When a bound procedure is called, the caller must pass some kind of pointer to the called code that allows it to reference its up-level environment. Typically, this pointer is the frame pointer for that environment, but many variations are possible. When the caller is executing its program within that outer environment, it can usually make such a call directly to the code for the nested procedure without recourse to any additional procedure descriptors. However, when a procedure value for the nested procedure must be passed outside of that environment to a call site that has no knowledge of the target procedure, a bound procedure descriptor is created so that the nested procedure can be called just like a simple procedure.

Bound procedure values, as defined by this standard, are designed for multilanguage use and utilize the properties of procedure descriptors to allow callers of procedures to use common code to call both bound and simple procedures. Bound Procedure Descriptors

Bound procedure descriptors provide a mechanism to interpose special processing between a call and the called routine without modifying either. The descriptor may contain (or reference) data used as part of that processing. Between native and translated images, the OpenVMS Alpha operating system uses linker and image-activator created bound procedure descriptors to mediate the handling of parameter and result passing (see Section 5.2). Language processors on OpenVMS Alpha systems use bound procedure descriptors to implement bound procedure values (see Section Other uses are possible.

The minimum size of the descriptor is 24 bytes (defined by PDSC$K_MIN_BOUND_SIZE). An optional PDSC extension in 8-byte increments provides the specific environment values as defined by the implementation.

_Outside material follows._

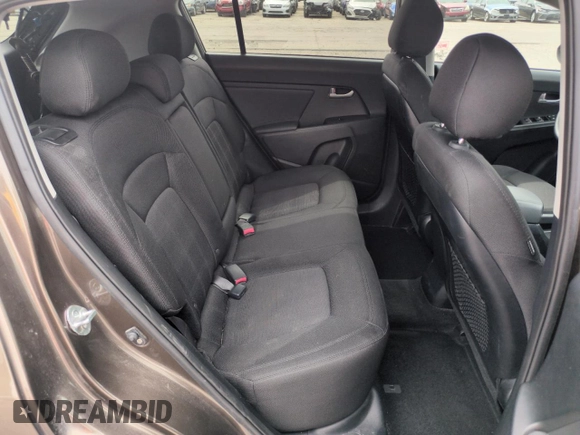 2013 Kia Sportage LX z VIN KNDPBCA29D7458904, wystawiony jako Copart lot #59175745 z przebiegiem 100 719 mil mil oraz Szkoda całkowita • Salvage title. Historia ofert i sprzedaży dostępna na DreamBid. Obrazek 11.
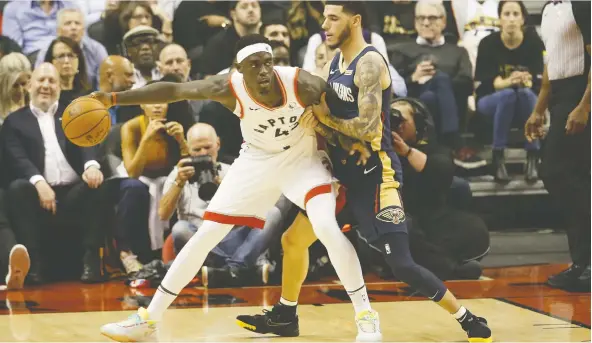  ?? JACK BOLAND ?? Raptors forward Pascal Siakam looks to get past the New Orleans Pelicans’ Lonzo Ball during their game Tuesday in Toronto. Siakam scored 34 points and added 18 rebounds.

The fields defined in the bound procedure descriptor are illustrated in Figure 3-12 and described in Table 3-9.

Figure 3-12 Bound Procedure Descriptor (PDSC)

Table 3-9 Contents of the Bound Procedure Descriptor (PDSC)
Field Name Contents
PDSC$W_FLAGS Vector of flag bits <15:0> that must be a copy of the flag bits (except for KIND bits) contained in the quadword pointed to by PDSC$Q_PROC_VALUE.
PDSC$V_KIND A 4-bit field <3:0> that identifies the type of procedure descriptor. For a procedure with bound values, this field must specify a value of 0.
PDSC$V_FUNC_RETURN A 4-bit field <11:8> that describes which registers are used for the function value return (if there is one) and what format is used for those registers.

PDSC$V_FUNC_RETURN in a bound procedure descriptor must be the same as the PDSC$V_FUNC_RETURN of the procedure descriptor for the procedure for which the environment is established.

Table 5-4 lists and describes the possible encoding values of PDSC$V_FUNC_RETURN.

Bits 12--15 Reserved and must be 0.
PDSC$W_SIGNATURE_OFFSET A 16-bit signed byte offset from the start of the procedure descriptor. This offset designates the start of the procedure signature block (if any). In a bound procedure, a 0 in this field indicates the actual signature block must be sought in the procedure descriptor indicated by the PDSC$Q_PROC_VALUE field. A 1 in this field indicates a standard default signature. (An offset value of 1 is not a valid offset because both procedure descriptors and signature blocks must be quadword aligned. See Section 5.2 for details of the procedure signature block.)

Note that a nonzero signature offset in a bound procedure value normally occurs only in the case of bound procedures used as part of the implementation of calls from native OpenVMS Alpha code to translated OpenVMS VAX images. In any case, if a nonzero offset is present, it takes precedence over signature information that might occur in any related procedure descriptor.

PDSC$Q_ENTRY Address of the transfer code sequence.
PDSC$Q_PROC_VALUE Value of the procedure to be called by the transfer code. The value can be either the address of a procedure descriptor for the procedure or possibly another bound procedure value.